A key concern is the potential inclusion of individuals in the dSNMG group who may not have true myasthenia gravis (MG). Based on the changes in Myasthenia Gravis Foundation of America status observed in this study, nearly half of the dSNMG patients showed resistance to conventional treatments [1]. Within this subgroup, 51.3% experienced improvement, whilst 48.7% experienced no change, worsening or exacerbation. Similarly, based on MGII changes, 59.8% showed positive responses whilst 40.2% did not. In general, the prevalence of refractory MG, which remains unchanged or worsens despite appropriate use of steroids and at least one immunosuppressant, is estimated to be 10%–20% [2]. Whilst the exact proportion of refractory MG in dSNMG patients is difficult to determine from the data presented in this study [1], the substantial range of non‐responders to treatment (approximately 40%−50%) suggests that cases resembling MG may be included in the dSNMG population. Many immunological disorders include response to immunotherapy in their diagnostic criteria, and failure to achieve positive results should prompt a re‐evaluation of the diagnosis.

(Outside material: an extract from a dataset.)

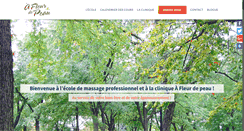 Desktop Screenshot of ecoledemassage.ca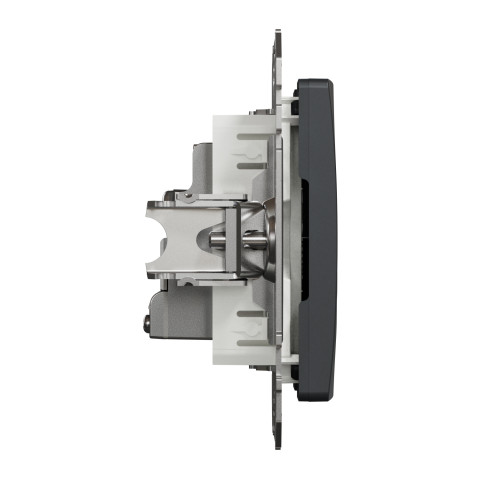 Розетка 1-местная оконечная TV скрытая чёрная Schneider Electric Sedna Design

The authors' main diagnostic method for dSNMG relied primarily on clinical symptoms combined with the assessment of abnormal results from repetitive nerve stimulation and/or single fiber electromyography [1]. However, this approach may inadvertently include other conditions that mimic MG, as certain conditions may present with abnormal repetitive nerve stimulation and single fiber electromyography findings similar to those observed in MG [3]. Notably, the neostigmine test response was not included in the diagnostic process for MG. As the authors themselves point out, patients diagnosed with dSNMG should be thoroughly evaluated for possible alternative diagnoses such as other myasthenic syndromes and various neuromuscular disorders, especially if they do not respond to treatment.

The authors did not investigate other MG autoantibodies such as low‐density lipoprotein receptor‐related protein 4, titin, ryanodine receptor, agrin and cortactin. For improved diagnostic accuracy, a comprehensive analysis of additional MG autoantibodies may be required to differentiate true dSNMG patients [4, 5].

In conclusion, the study by Martinez‐Harms et al. significantly advances our understanding of the clinical aspects and treatment outcomes of dSNMG. As highlighted by the authors, authentic dSNMG is considered to be part of the same MG spectrum as AChR‐ antibody‐positive MG, with comparable clinical features and a positive response to conventional immunotherapy. However, the reliability of this contribution depends on an accurate diagnosis within this cohort.

CONFLICT OF INTEREST STATEMENT

None.

DATA AVAILABILITY STATEMENT

Data sharing is not applicable to this article as no new data were created or analyzed in this study.